The output section 105 displays a message about the fault on the screen based on the data from the classifier 104. At this time, in addition to the message about the fault, the output section may display information about a transmitting device and a receiving device, such as the IP (Internet Protocol) addresses of the devices, so that the location or source of the fault can be identified. This information can be extracted from the packet selected by the selector 101.

As described above, in the first embodiment, the selector 101 selects a packet that includes information on data-flow control and the source and destination thereof, from packets sent from the receiver 100. The extractor 102 extracts values of parameters, which configure the vector, from the selected packet. The classifier 104 determines whether or not a fault has occurred in the network and classifies the fault by type, based on the vector and the rule stored in the condition memory 103. Therefore, the system 1 is capable of detecting the fault properly and in detail.

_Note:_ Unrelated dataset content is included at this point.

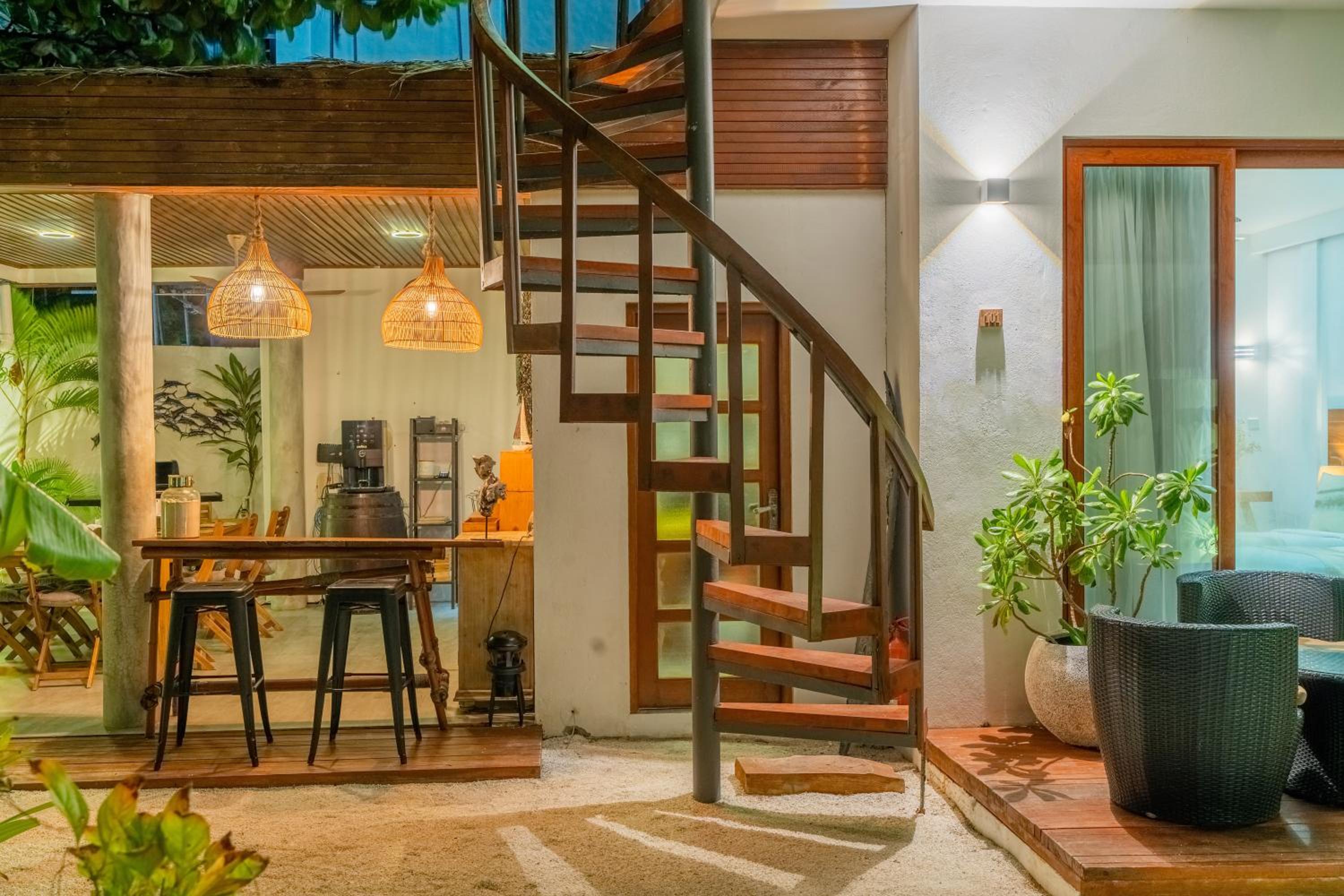 Veli Vilaa Dhiffushi - Beachfront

In addition, the system 1 selects a packet that includes information on data-flow control and the source and destination thereof, e.g., an RTCP-XR packet, and performs the classification process on the selected packet. Therefore, the system 1 is capable of reducing its processing load, thereby preventing an increase in cost caused by enhancing the capabilities thereof.

Moreover, the vector includes a value associated with the type of loss of packets. Therefore, the system 1 is capable of distinguishing between loss of packets caused by a particular fault in the network and loss of packets caused by a link failure, in wireless communications.

Second Embodiment

FIG. 4 is a block diagram of a network fault detection system 2 of a second embodiment, which may include a classification feature vector memory 201, a classification rule generator 202, and a setting section 203 for the rule, in addition to the packet receiver 100, the packet selector 101, the parameter extractor 102, the classification condition memory 103, the fault classifier 104, and the output section 105. In FIG. 4, elements of the system 2 similar to those of the system 1 of the first embodiment have been assigned the same reference numerals, and their description is partially omitted.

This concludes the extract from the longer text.